Generally speaking you will always want your tracks to send to the master channel except in cases where you want to send multiple tracks to a buss before they go onto the master. For the sake of example let’s see how we would buss multiple tracks to one track before going to the master.
With your synth track still selected you will notice the Send1,2,3,4 tracks also have gain knobs.
Turn off the master send gain (click the yellow arrow in the master channel) and turn up your synth tracks gain knob into Send1. What you essentially are doing is sending the output of your synth track to Send1, and then Send1 will go to the master channel. You might yourself be asking, “But why?” Well think of it this way. Say you have all your different drums each on their own separate track and your drum mix is perfect; except for the fact that it is too loud. Do you want to risk manually turning down every drum track proportionally? Or would you rather turn down your Drum Buss fader on Send1, which in turn will turn down the overall volume of every drum while leaving your drum mix itself untouched? Sounding pretty good right now isn’t it?
Finally lets look at one last related feature called side chaining. Side chaining a process by which we use one channels audio to control another channels plugins. If you have ever heard the pumping effect in a trance track then you have heard someone use side chaining. I won’t dive into specifics, but if you want a plugin to recognize another mixer track for a side chain here is what you do…
Select the track you wish to control the side chain plugin (our synth track for example).
Activate the send from your synth track into the channel with the side chaining plugin. To do this simply click the grayed out upward arrow on the destination track. Next turn the gain knob on the destination track all the way to 0.
Now at first glance this may seem a little strange, especially if you are coming from a DAW such as Pro Tools. Essentially what we are doing is sending our track to another channel like normal, but we are turning the volume down to 0. In FL Studio, when the send gain is at 0 it treats it as a side chain instead. From here you should be able to select your Synth track inside a side chain plugin. Like I said earlier FL Studio has some odd quirks and this is by far one of the more prevalent ones.
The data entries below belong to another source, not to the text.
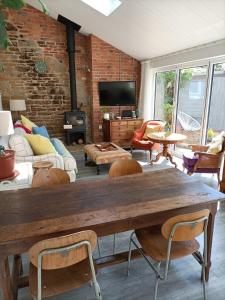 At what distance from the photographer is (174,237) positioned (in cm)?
142

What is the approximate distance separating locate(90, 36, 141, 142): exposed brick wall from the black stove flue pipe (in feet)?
1.60

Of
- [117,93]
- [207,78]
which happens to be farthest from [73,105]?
[207,78]

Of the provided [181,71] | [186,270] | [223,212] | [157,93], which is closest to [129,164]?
[186,270]

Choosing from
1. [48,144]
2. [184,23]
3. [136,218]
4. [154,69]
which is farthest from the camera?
[154,69]

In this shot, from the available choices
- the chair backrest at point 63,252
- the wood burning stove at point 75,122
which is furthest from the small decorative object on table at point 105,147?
the chair backrest at point 63,252

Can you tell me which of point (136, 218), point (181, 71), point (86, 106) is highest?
point (181, 71)

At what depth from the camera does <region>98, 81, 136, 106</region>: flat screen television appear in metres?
5.71

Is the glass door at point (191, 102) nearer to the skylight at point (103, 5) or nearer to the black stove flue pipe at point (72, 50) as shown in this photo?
the skylight at point (103, 5)

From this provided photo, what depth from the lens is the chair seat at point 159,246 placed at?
1.53 m

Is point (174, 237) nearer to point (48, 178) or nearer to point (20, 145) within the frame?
point (48, 178)

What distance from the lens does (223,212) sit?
2844 millimetres

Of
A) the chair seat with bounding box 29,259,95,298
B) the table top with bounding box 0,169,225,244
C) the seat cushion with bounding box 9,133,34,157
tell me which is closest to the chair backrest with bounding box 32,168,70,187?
the table top with bounding box 0,169,225,244

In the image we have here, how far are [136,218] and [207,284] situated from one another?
93cm

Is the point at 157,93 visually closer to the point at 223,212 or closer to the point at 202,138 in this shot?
the point at 202,138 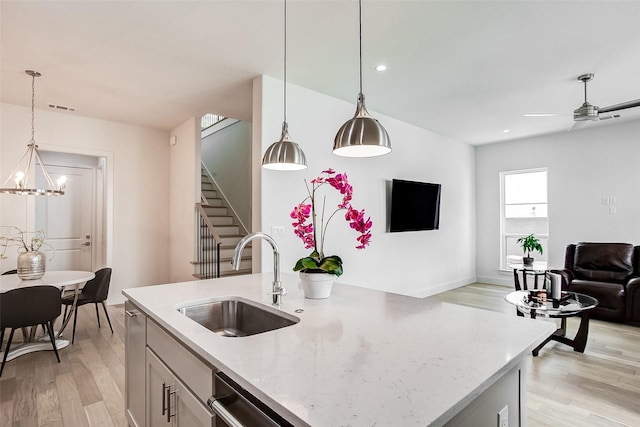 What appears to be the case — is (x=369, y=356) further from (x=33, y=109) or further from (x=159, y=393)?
(x=33, y=109)

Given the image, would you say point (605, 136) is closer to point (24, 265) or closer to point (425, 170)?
point (425, 170)

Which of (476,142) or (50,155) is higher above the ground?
(476,142)

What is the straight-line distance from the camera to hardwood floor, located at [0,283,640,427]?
2260 millimetres

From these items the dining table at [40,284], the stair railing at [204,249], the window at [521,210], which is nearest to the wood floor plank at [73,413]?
the dining table at [40,284]

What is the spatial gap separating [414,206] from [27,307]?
4749 mm

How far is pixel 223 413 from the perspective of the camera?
3.13 ft

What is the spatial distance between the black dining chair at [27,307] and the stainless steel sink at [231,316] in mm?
2063

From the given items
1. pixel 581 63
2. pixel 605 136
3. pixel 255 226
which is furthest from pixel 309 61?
pixel 605 136

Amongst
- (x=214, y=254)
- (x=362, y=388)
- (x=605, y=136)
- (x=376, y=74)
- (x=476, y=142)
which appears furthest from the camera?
(x=476, y=142)

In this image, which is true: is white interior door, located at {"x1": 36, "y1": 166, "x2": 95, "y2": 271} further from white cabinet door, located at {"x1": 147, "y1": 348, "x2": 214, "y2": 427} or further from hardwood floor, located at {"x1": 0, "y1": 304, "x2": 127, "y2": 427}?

So what have we learned? FL Studio’s mixer has a handy set of tools that are available on every track inside the mixer. The mixer does have some odd quirks on how it handles internal routing but it isn’t anything too far out of left field. Before I leave you I want to give you some general shortcuts particular to the mixer that may come in handy…
Alt + Left/Right – Moves the selected track, plugins, and routing either left or right by one track. Handy for reorganizing your mixer as your project gets more dense.
CTRL + L – Links your selected synth, sample, etc. to the selected mixer track. Avoids having to use the Channel Settings window.
F2 – Change selected tracks name and color.
S – Solo currently selected track.
Again I hope you can now easily navigate FL Studio’s mixer and will never have to worry about those things again. Thanks for reading!